## To do
Below are some entries. Transcribe the lines from the one holding "マック(Mac (Apple))のMacBook Air" to the one holding "Union End Table", inclusive, but not the pictures among them.

## Input
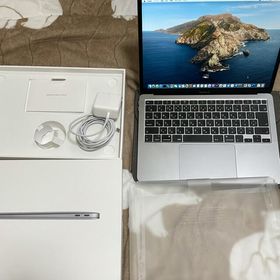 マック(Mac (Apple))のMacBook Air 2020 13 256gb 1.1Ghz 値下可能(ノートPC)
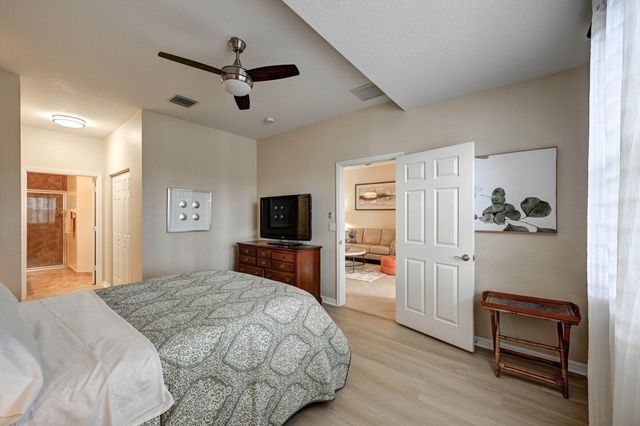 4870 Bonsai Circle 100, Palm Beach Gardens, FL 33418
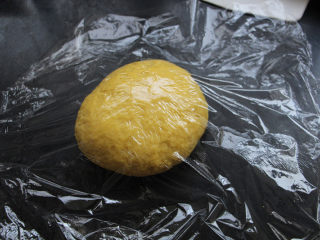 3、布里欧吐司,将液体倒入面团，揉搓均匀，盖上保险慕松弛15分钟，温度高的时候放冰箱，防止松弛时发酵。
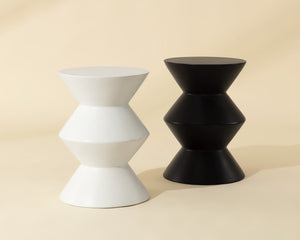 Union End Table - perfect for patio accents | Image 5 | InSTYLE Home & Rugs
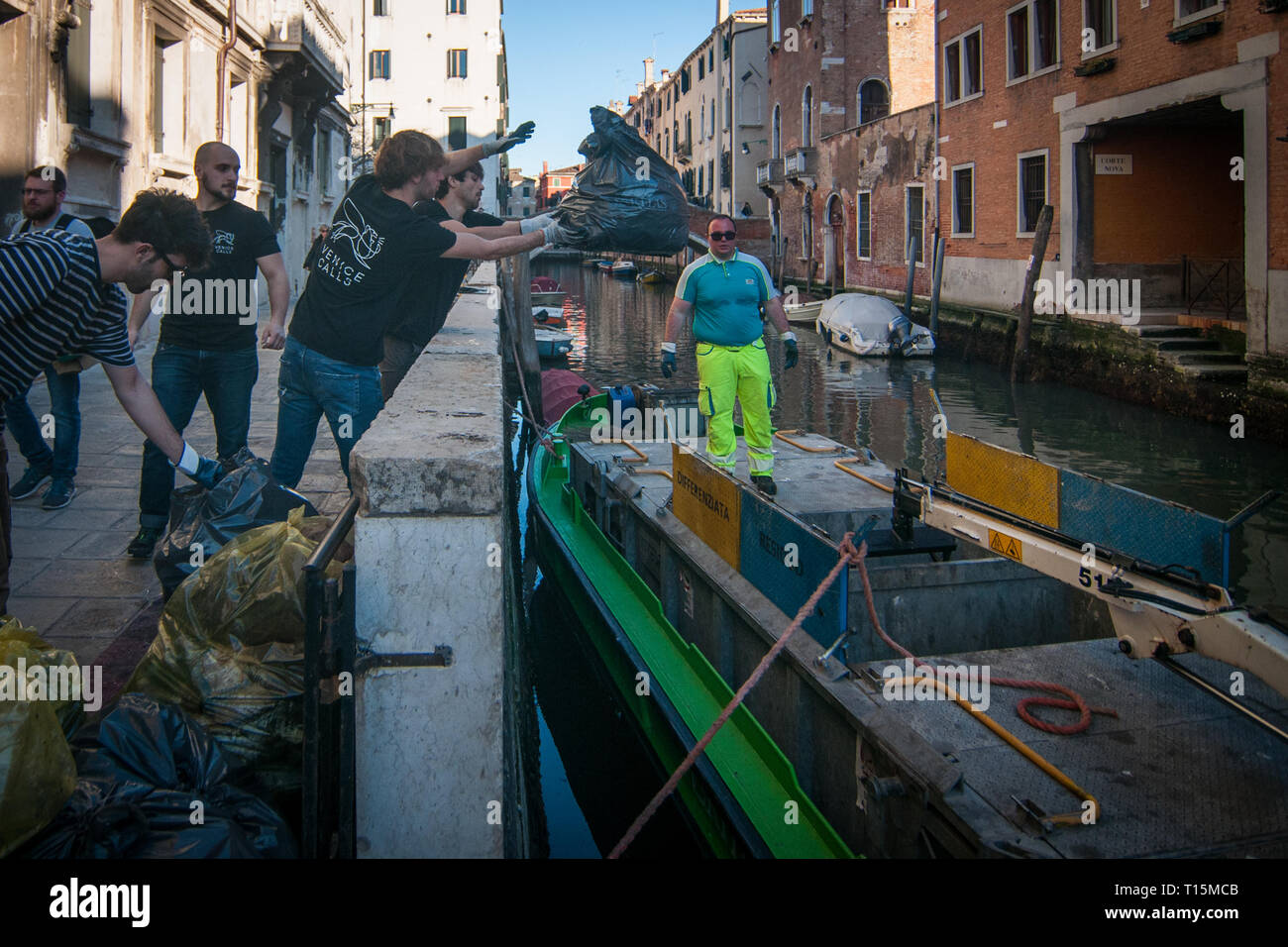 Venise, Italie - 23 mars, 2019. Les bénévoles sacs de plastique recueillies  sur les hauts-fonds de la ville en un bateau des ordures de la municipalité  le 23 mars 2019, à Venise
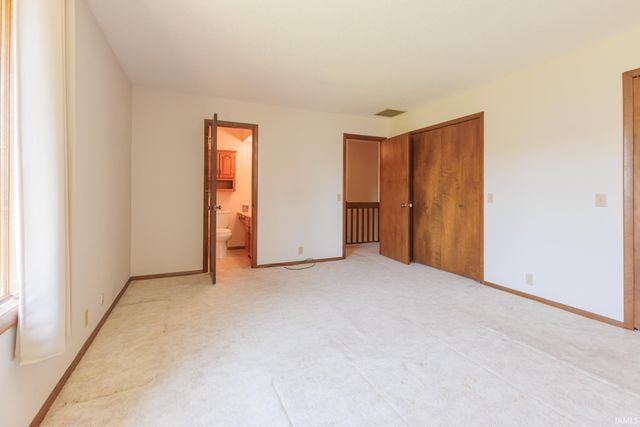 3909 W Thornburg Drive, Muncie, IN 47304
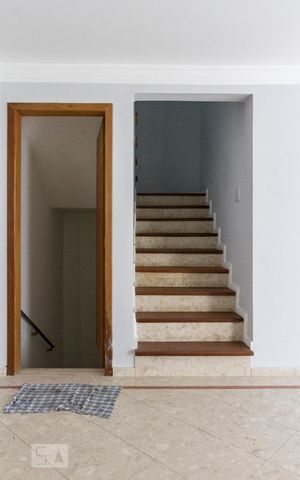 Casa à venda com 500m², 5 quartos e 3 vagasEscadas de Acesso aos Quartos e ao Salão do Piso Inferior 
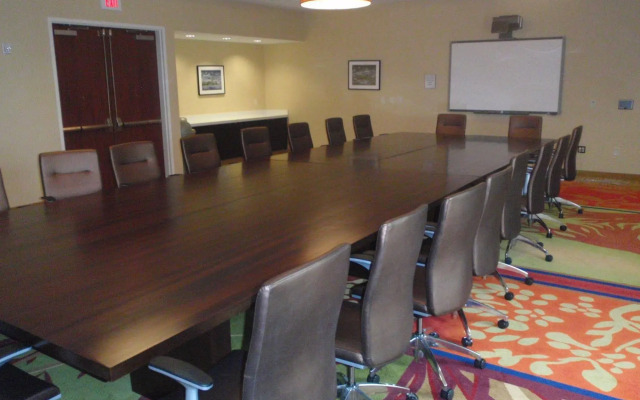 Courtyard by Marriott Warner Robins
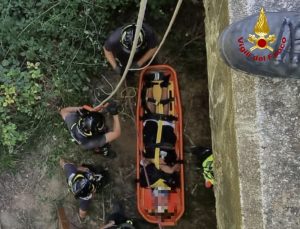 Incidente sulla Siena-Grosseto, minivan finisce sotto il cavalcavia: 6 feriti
...
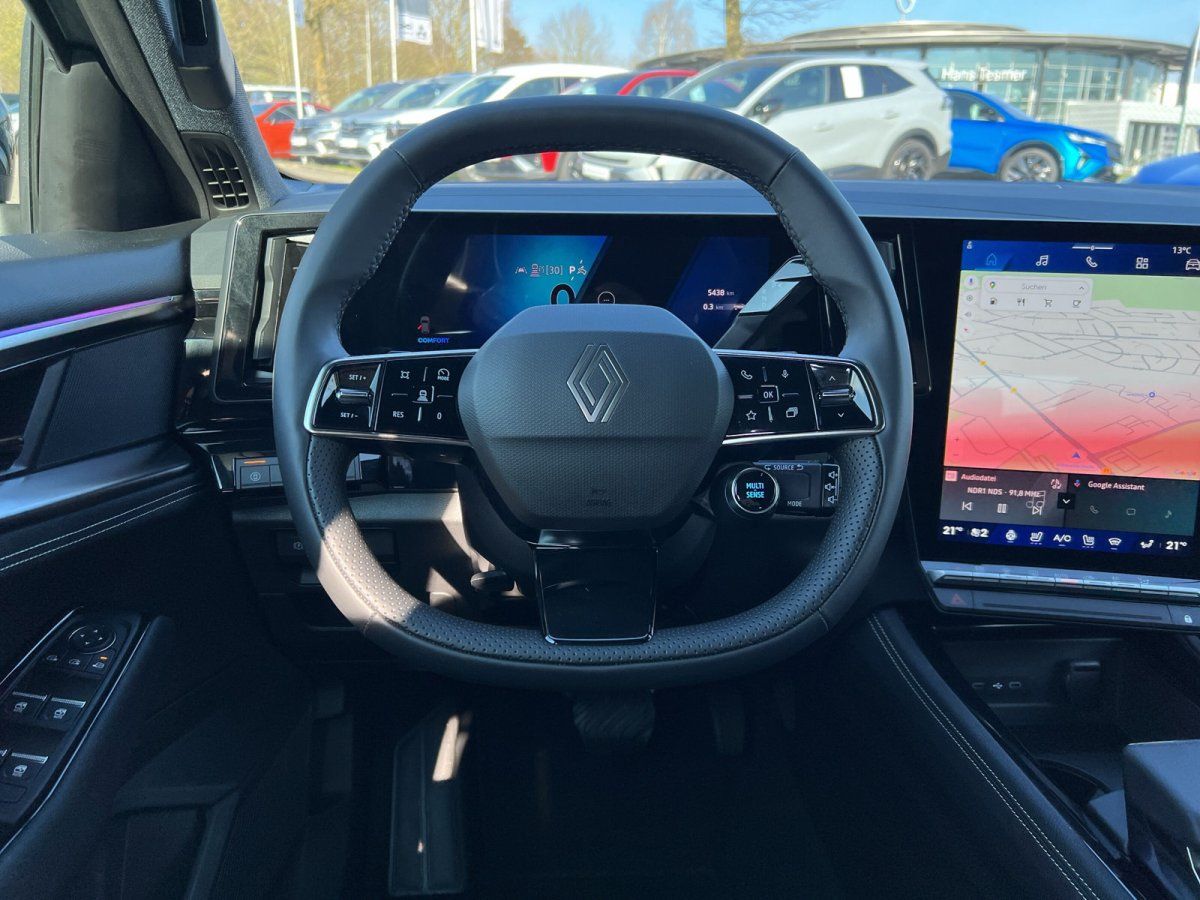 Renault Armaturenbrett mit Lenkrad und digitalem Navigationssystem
--
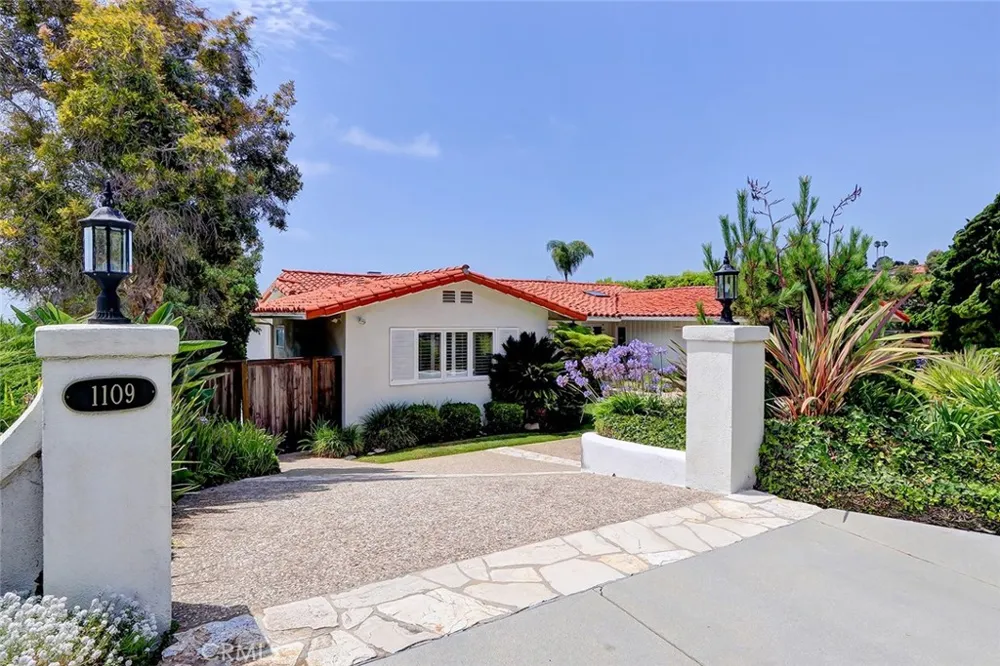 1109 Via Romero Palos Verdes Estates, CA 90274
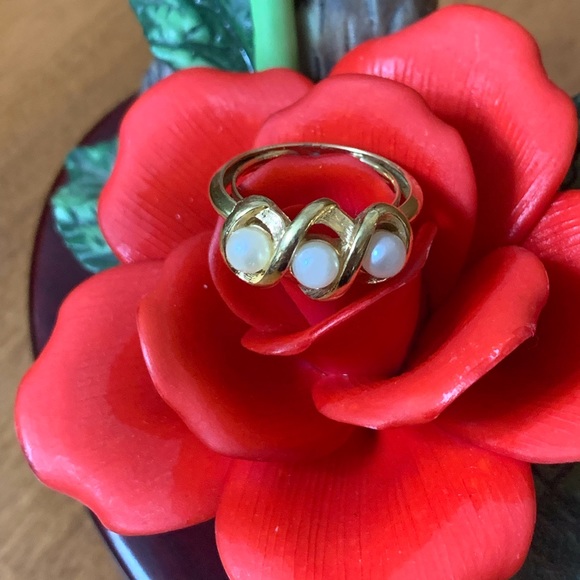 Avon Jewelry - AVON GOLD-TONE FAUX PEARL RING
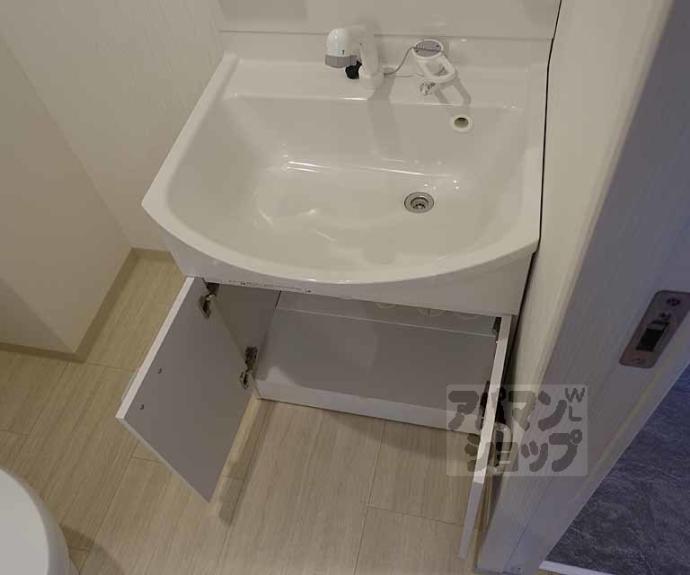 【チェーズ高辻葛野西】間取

## Task solution
 マック(Mac (Apple))のMacBook Air 2020 13 256gb 1.1Ghz 値下可能(ノートPC)
 4870 Bonsai Circle 100, Palm Beach Gardens, FL 33418
 3、布里欧吐司,将液体倒入面团，揉搓均匀，盖上保险慕松弛15分钟，温度高的时候放冰箱，防止松弛时发酵。
 Union End Table - perfect for patio accents | Image 5 | InSTYLE Home & Rugs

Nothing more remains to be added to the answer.